• _Assignment_
Scan the entries below. Return every line that includes "image".

»»

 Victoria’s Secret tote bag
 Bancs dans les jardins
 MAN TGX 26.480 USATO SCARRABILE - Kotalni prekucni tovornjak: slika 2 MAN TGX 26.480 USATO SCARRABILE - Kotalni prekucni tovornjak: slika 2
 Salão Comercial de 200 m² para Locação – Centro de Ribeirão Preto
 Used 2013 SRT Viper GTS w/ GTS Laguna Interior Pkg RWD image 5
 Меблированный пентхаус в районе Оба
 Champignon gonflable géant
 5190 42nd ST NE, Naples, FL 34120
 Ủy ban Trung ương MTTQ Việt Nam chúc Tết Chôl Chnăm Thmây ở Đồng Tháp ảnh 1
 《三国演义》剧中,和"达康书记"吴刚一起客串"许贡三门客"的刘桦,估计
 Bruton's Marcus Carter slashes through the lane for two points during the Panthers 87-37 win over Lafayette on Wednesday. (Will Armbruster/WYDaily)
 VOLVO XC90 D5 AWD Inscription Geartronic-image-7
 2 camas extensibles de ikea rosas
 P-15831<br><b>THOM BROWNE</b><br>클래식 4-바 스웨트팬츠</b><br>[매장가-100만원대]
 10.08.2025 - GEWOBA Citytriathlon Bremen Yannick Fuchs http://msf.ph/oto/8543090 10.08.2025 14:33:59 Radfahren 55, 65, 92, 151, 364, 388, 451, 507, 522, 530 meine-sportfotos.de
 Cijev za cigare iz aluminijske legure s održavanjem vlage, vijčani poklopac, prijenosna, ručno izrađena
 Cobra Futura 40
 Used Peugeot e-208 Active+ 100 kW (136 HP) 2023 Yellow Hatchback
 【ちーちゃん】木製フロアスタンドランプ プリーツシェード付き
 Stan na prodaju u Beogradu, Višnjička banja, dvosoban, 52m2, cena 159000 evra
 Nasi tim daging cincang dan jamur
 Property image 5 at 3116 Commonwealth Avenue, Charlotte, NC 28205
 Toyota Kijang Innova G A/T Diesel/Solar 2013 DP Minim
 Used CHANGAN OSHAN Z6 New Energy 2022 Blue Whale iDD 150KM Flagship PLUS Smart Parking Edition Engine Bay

««

• _Your response_
 Used 2013 SRT Viper GTS w/ GTS Laguna Interior Pkg RWD image 5
 VOLVO XC90 D5 AWD Inscription Geartronic-image-7
 Property image 5 at 3116 Commonwealth Avenue, Charlotte, NC 28205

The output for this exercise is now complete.